The title song is the opener and I’ll admit I found myself wondering if that was a good thing. “If It’s Got Wheels”, the song, is a V8-powered rocker that heads straight for the horizon like something Springsteen or the Eagles might drive. But then what? Did Murdock pick this tune to lead off and supply the name for his latest album because that’s all there is? The quickly apparent answer is a very loud NO. If It’s Got Wheels, the album, is filled with powerful songs performed by a collection of talented musicians.
On my first listen, I found myself truly paying attention to those musicians as things kept right on rocking into the second track. I’ve seen Carey a few times. Always solo and always acoustic. I’ve heard other recordings with a band but, in hindsight, it seems I must have thought of the others only as accompanists for Murdock’s distinctive vocals. As “Go On and Leave Me” played, I heard Nigel Lawrence’s keyboard work and Mark Sieister’s saxophone as important and integrated parts of the song and I started to realize just how much Lawrence and guitarist Steven Bryant had contributed to the opening cut. Drums and bass, John Henry and Warren Brown respectively, had also been important and solid and masterful. I don’t know if this is officially the Carey Murdock Band but whatever the group is called, it’s a good one.
Two tracks into the album, I was enjoying Murdock’s writing and singing just as I expected but I was also enjoying and appreciating all the other players on the album, too. Despite the name, the next tune, “Don’t Want to Slow It Down”, slows it down but continues to show off the backing musicians Everyone is present, in a subdued sort of way, from the beginning but it’s Henry who initially carries things with a slow snare only cadence. Before the song is over, the whole group is wailing and Henry’s full kit is in on the action. For the moment, this is my favorite song on the album and the drum work is certainly one of the reasons but so, too, are lyrics, vocals, and the band’s performance
I was loving this full team “wall of sound” approach but I was also concerned that it might have become a necessary part of Murdock’s music. Track four, “Messy Love”, straightened me out. With an acoustic guitar and his harmonica, Carey delivers this one all by himself. It reminded me that a good song can be performed in a variety of ways and will remain a good song. These are good songs and Murdock does what many musicians do not and includes a booklet with lyrics and other details for each of them..
With one exception, the full band appears on the remaining tracks. One of those, however, is missing Murdock. It’s a one minute instrumental called “Interlude” that lets everybody showboat a little and which just might be used as a break song. I can almost hear “Short pause for the cause. Don’t be rash with your cash. We’ll be back in a flash” but, when it ends, there’s Murdock singing the opening line of “Never Like This Before”. Murdock’s voice has been compared to Springsteen’s and that’s not a bad reference point. However, I’ve also heard him do a pretty fair job crooning Frank Sinatra tunes and there’s a gravely end of his range that’s more like the older Tom Waits. For this song, Carey uses his Tom Waits voice.

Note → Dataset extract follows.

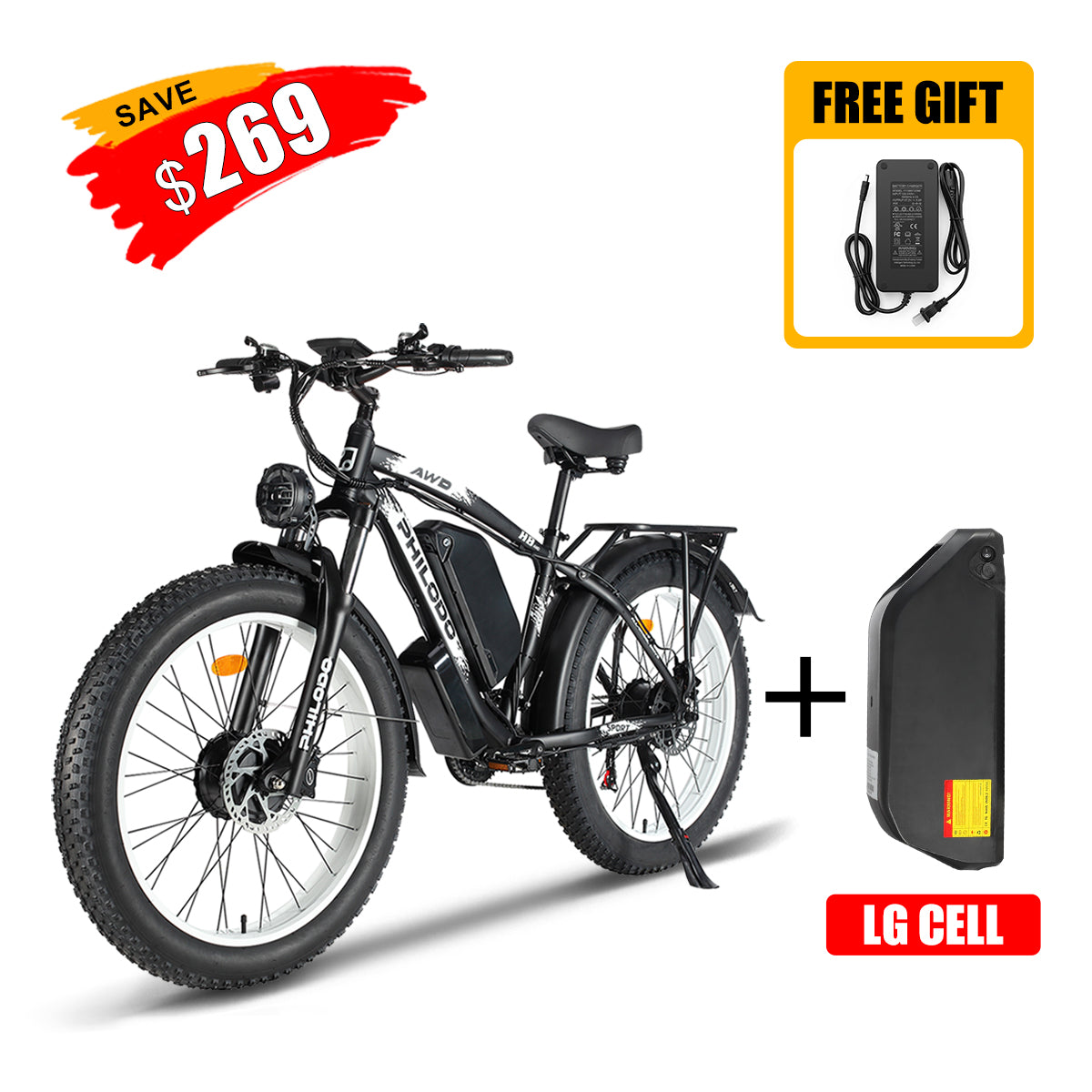 PHILODO Upgraded H8 60V Dual Motor Fat Tire Electric Bike 5000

The full band exception I mentioned is the last song on the album, “In This Together”. The only instrumentation is Murdoc’s acoustic guitar with Steven Bryant supplying both bass and drums. The song was co-written with former Taylor Swift fiddler and backup vocalist Caitlin Evanson and she joins Carey in singing it here. Murdock’s voice touches on the gravely Waits-ish sound in a few places. Evanson’s decidedly does not. It’s a beautiful way to end the album.